We should remember the black victims of Nazi Germany
January 27 is International Holocaust Remembrance Day as designated by the United Nations General Assembly. That day was chosen for symbolic reasons: it’s the day that the Auschwitz concentration camp was liberated.
In an essay in The Conversation, a historian argues that by choosing that day, the Holocaust becomes shorthand for Nazi mass murder of European Jews and ignores other groups that were victimized, especially black Germans who were killed under Hitler’s rule.
“All those voices need to be heard,” Eve Rosenhaft, a Professor of German Historical Studies at University of Liverpool, writes, “not only for the sake of the survivors, but because we need to see how varied the expressions of Nazi racism were if we are to understand the lessons of the Holocaust for today.”
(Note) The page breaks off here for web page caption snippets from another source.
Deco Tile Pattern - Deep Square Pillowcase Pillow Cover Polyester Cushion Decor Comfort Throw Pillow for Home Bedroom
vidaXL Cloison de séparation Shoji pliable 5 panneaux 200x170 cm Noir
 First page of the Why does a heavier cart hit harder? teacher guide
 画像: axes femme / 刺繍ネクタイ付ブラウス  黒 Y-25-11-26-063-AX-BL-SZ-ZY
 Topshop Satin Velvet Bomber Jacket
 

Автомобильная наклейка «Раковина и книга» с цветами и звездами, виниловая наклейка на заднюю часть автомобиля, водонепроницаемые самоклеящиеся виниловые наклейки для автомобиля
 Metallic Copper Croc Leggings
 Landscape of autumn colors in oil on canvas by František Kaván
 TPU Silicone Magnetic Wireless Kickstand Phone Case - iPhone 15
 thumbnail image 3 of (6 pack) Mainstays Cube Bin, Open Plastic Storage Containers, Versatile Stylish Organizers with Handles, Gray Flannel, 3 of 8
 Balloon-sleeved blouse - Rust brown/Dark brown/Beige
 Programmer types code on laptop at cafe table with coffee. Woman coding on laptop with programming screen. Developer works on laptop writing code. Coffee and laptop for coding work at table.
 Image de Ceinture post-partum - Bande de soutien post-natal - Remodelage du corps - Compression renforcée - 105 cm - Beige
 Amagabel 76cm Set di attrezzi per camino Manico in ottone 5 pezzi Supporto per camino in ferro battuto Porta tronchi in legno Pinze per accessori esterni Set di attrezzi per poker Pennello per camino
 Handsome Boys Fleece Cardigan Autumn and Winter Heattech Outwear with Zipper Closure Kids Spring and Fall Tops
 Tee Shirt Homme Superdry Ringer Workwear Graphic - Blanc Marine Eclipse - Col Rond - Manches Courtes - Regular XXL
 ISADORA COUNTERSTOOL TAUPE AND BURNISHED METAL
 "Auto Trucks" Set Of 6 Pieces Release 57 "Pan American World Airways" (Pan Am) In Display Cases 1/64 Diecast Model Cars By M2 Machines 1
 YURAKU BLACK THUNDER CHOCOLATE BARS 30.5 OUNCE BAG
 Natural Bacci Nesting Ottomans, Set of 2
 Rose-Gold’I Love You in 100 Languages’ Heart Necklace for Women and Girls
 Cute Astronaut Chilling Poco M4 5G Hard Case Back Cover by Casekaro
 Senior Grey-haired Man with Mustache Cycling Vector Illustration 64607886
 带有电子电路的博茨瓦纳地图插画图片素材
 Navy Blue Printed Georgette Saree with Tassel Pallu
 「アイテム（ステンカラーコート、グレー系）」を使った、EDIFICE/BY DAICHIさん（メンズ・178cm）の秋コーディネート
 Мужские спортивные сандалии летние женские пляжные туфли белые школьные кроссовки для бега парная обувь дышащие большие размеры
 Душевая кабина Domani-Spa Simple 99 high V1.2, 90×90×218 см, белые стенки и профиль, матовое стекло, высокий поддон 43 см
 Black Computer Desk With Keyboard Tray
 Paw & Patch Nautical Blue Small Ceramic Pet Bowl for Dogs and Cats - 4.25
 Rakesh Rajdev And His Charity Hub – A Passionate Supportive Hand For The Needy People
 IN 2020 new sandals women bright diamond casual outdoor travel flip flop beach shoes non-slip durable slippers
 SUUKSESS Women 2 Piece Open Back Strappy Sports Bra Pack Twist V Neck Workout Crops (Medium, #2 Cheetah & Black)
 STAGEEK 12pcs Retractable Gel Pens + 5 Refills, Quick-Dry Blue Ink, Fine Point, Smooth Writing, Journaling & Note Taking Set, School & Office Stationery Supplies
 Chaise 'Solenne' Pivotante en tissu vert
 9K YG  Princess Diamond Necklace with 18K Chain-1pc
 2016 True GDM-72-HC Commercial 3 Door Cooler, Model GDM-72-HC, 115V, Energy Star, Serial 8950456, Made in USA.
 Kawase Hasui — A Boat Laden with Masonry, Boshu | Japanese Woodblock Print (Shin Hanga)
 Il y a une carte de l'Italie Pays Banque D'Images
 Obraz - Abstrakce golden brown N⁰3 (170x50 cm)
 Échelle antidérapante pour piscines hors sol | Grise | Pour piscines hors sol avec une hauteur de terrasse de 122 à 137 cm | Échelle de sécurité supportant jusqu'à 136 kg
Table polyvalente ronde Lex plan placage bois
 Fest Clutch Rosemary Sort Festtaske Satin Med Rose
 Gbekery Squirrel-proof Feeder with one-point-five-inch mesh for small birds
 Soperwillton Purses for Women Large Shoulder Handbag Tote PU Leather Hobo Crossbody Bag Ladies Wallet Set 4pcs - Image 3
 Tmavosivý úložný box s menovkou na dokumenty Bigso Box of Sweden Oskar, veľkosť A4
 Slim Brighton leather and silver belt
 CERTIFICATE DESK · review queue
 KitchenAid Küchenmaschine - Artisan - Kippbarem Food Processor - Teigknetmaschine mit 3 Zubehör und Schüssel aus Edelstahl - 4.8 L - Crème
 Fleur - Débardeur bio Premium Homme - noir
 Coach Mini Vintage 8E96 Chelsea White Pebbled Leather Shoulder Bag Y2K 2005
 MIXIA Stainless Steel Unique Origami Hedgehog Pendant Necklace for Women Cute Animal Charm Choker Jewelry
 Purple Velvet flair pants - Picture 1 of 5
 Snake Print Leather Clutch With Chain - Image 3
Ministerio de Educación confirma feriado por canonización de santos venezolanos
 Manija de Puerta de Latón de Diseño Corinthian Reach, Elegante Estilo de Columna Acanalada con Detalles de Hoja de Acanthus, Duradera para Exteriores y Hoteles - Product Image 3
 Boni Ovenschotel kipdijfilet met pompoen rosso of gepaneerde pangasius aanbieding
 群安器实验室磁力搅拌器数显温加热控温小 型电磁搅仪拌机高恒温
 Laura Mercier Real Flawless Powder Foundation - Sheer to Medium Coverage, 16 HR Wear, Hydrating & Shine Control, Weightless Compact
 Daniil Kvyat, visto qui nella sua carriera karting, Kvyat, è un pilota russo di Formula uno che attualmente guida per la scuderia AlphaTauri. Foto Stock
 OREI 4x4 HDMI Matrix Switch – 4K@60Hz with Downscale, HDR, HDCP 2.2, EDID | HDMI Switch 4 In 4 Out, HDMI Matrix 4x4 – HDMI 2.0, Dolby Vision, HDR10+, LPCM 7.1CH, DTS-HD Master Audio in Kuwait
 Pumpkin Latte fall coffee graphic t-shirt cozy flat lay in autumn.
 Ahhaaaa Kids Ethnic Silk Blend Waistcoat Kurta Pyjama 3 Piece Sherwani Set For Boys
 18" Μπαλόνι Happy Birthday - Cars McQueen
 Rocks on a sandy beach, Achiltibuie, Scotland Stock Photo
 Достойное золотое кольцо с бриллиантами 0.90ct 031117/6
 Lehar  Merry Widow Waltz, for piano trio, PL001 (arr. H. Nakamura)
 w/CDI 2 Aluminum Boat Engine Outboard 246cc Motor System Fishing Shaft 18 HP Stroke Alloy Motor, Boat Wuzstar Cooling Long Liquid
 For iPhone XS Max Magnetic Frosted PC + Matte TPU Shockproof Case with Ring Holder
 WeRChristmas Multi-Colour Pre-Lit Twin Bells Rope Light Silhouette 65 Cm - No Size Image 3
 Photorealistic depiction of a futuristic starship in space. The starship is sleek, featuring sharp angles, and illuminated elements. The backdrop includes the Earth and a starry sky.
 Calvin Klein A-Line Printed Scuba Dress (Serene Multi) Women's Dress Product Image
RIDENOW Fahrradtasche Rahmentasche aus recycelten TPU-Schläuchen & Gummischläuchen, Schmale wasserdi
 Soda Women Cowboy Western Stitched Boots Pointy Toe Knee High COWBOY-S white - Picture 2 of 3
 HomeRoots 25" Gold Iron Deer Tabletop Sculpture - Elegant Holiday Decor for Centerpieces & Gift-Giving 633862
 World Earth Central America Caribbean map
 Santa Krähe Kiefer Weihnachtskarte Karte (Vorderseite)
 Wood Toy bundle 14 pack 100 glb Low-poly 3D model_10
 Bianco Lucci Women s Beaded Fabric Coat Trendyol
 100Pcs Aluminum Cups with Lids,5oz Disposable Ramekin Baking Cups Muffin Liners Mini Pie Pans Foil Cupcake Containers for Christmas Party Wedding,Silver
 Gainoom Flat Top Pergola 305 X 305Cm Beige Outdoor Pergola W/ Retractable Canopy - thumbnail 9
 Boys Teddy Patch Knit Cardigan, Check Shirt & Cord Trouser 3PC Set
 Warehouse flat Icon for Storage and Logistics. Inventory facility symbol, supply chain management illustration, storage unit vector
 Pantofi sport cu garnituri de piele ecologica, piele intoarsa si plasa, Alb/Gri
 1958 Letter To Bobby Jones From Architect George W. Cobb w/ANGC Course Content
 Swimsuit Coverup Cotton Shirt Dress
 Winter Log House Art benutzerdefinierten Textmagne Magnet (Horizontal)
Rosenhaft recaps the short history of blacks living in Germany after emigrating from Germany’s African colonies and slowly integrating into society before becoming subject to the same Nuremberg Laws that Jews were subject to (citizenship revoked, not allowed to marry “people of German blood,” etc.) and officially declared “stateless negroes” while black children were excluded from public school. The mistreatment did not extend to mass internment in concentration or labor camps (though there are some examples), but was more along the lines of a series of actions designed to run the black community out of Germany altogether.